「もっと、私を」(平安寿子/幻冬舎)

文学界は、若き芥川賞受賞作家の話題でもちきりだが(綿矢りさ蹴りたい背中」は購読予定、「インストール」は上戸の映画待ち。金原さんのはなんか痛そう=文字通り、なので、多分読まない)、この方の才能も相当のものと声高く言いたい。平安寿子。この本を読むまでは失礼ながら存じ上げなかったのだが、もう随分名の通った人なの?
 “優柔不断、プライド高過ぎ、なりゆき任せ、自意識過剰、自己中心 こんなわたしで、なぜ悪い”という帯の言葉に惹かれて購入。第一話の「いけないあなた」は、二股をかけた男が一人の女性に軟禁され、女二人で取り合うという話。と、書くと、なんじゃそりゃなのだが、これがめっぽう面白い!これまでわたしは、二股をかけている男というだけで、なんだと、一人だけいい思いしやがって・・・・じゃなくて、女泣かせやがって、嫌なやつ、と思っていたのだが…。この作品に出てくる江口真佐彦は、優柔不断男、これまでもてなかったのに、急に2人からもてて、断ることもできず、悪いと思いつつまるで夢のような生活とばかり二股かけて、あげくに感情のまま、二人にプロポーズしてしまった男。それがばれて軟禁されるのだが、ドアの向こうでけんかする女の会話を聞いていると、結局、女が彼を利用していただけということがだんだん明らかになってきて、そのやりとりが実に面白い。そのほかにも、顔が抜群によくて、仕事の面でも得をしているんだけど、顔がなくても自分はちゃんとやれるんだと思っている自分最高のやつとか、人に媚びまくる才能をフルに使って人生生き抜く母親だったりと、個性的だけど、どこにでもいそうな人たちがおりなす物語は軽快でテンポよく読ませる。彼らが、ほとんど、反省も成長もしないところも目新しくていい感じだ。

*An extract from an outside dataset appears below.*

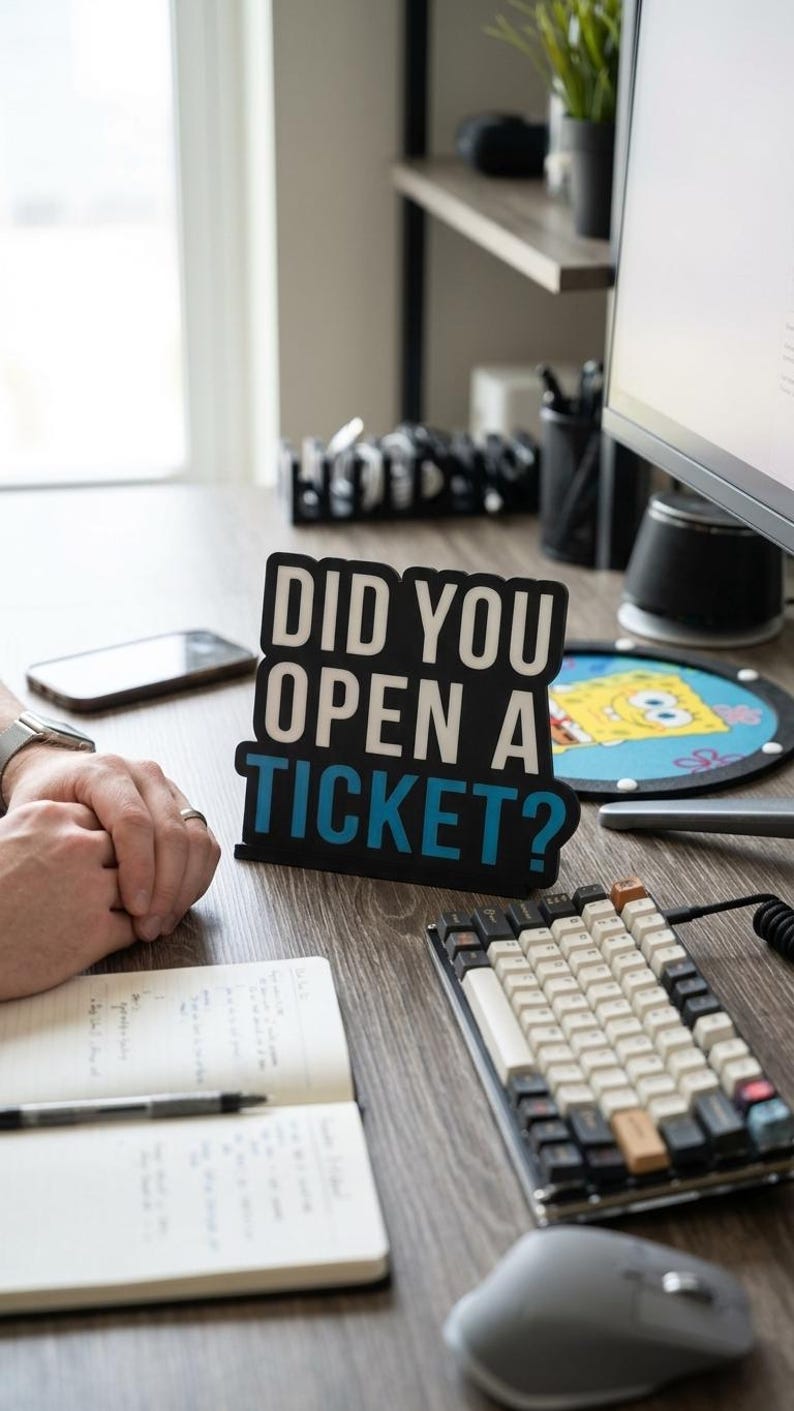 Puede incluir: Un letrero en blanco y negro con el texto "DID YOU OPEN A TICKET?" sobre un escritorio de madera. Un teclado mec&aacute;nico, un rat&oacute;n, un bloc de notas y un smartphone tambi&eacute;n est&aacute;n en el escritorio.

 一つ一つの物語は独立しているけれど、微妙に登場人物がリンクしており、ラストの話には、最初の江口さんとその彼女(さあ、どっちだ?)が脇にしっかり登場している。一見短編集のようにみえて、読み終えると、長編となっているという仕組み。同じような構成で、吉田修一の「日曜日たち」という作品があったが、一見独立している全ての話に家出してきたらしい兄弟の話をからめて、登場人物たちが、場所も状況も違えど、みな、その兄弟になんらかのかかわりを持っているという設定をとっていた。本作は、そのような技巧はないけれど、なにげなく日常の一瞬の空間を供にした、あるいは、供にしている人それぞれに、それぞれの人生が広がっているんだということを感じさせる作りになっている。別の作品も是非読んでみたい。